STRATÉGIES MIGRATOIRES ET PERSPECTIVES GOUVERNEMENTALES
Par-delà les débats idéologiques, la pierre de touche qui permet d’examiner cette question réside dans la confrontation des propositions en matière de codéveloppement aux dynamiques des immigrés eux-mêmes.
Une recherche conduite en 1995 dans la région de Kayes au Mali auprès d’un échantillon d’une centaine de jeunes des régions d’émigration (9) met bien en lumière l’actualité des modes de migration de ces régions et les stratégies des différents groupes sociaux impliqués dans le processus migratoire. Ainsi, les cent vingt jeunes retrouvés, après un recensement auprès des membres de leurs familles établis en France, aspirent tous à émigrer “vers la France dans la mesure du possible”. Seuls trois d’entre eux sont en situation d’apprentissage professionnel et estiment pouvoir demeurer au pays. Sont en cause ici l’absence de scolarisation dans la région de Kayes, la faiblesse des réseaux régionaux dans la capitale ou les villes intermédiaires alliée au resserrement du marché du travail en ville, mais aussi le modèle de réussite sociale que représentent les “grands frères”. La migration leur apparaît comme la seule stratégie possible d’autonomisation. Les grands frères, quant à eux, sont sollicités pour le prix du billet d’avion, celui du visa… Ils temporisent et usent de véritables stratégies de découragement (mariages plus précoces des jeunes dans l’espoir de les fixer, propositions d’un projet économique…), en bonne connaissance des conditions du marché de l’emploi en France tout comme de la situation faite, déjà, aux sans-papiers. Ils sont ici alliés aux chefs de famille, comptables de leur côté du travail dans les champs, garants encore aujourd’hui d’une partie de la reproduction sociale, et qui alors aspirent au contrôle de la force de travail des jeunes.
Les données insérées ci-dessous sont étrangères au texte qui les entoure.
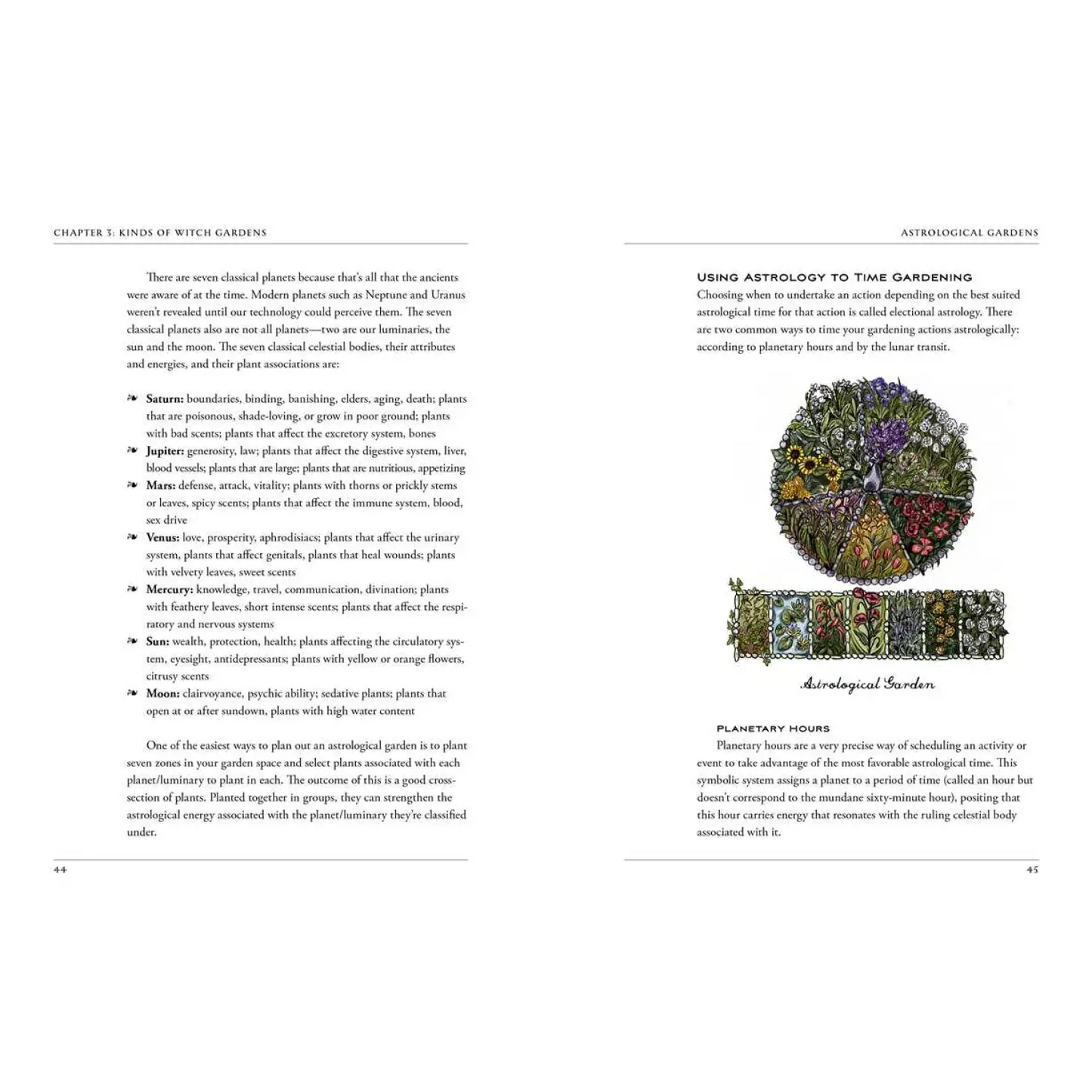 Simon & Schuster - Green Witch's Garden by Arin Murphy-Hiscock - Lunar Squirrel’s Puntique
Les difficultés liées au regroupement familial en France (divorces, insubordination des enfants), le développement des migrations inter - africaines (notamment des femmes), ont poussé les migrants à chercher des solutions pour sauvegarder les villages. Ainsi voit-on émerger des stratégies consistant à choisir parmi les enfants ceux qui, nés en France mais élevés dans la cellule traditionnelle, et ayant eu accès à un bon niveau d'éducation, pourront perpétuer le système migratoire tout en permettant le retour au pays de la génération précédente.
Dans les années 90, on assiste au retour au Sénégal de travailleurs immigrés retraités. Cette dynamique nouvelle pour les migrations sahéliennes mais plus anciennes pour celles d’Afrique du Nord annonce une forme spécifique de retours correspondant à la fin d’une carrière laborieuse en exil, vécue pour beaucoup dans la solitude familiale et plus précisément conjugale et filiale. Parmi ces retours, ceux des travailleurs immigrés sénégalais ayant acquis la nationalité française au cours de leur séjour en France ont, par les questions qu’ils soulevaient attiré l’attention des autorités consulaires françaises au Sénégal et quelques département du Ministère des Affaires Etrangères en particulier le bureau des Français de l’Etranger.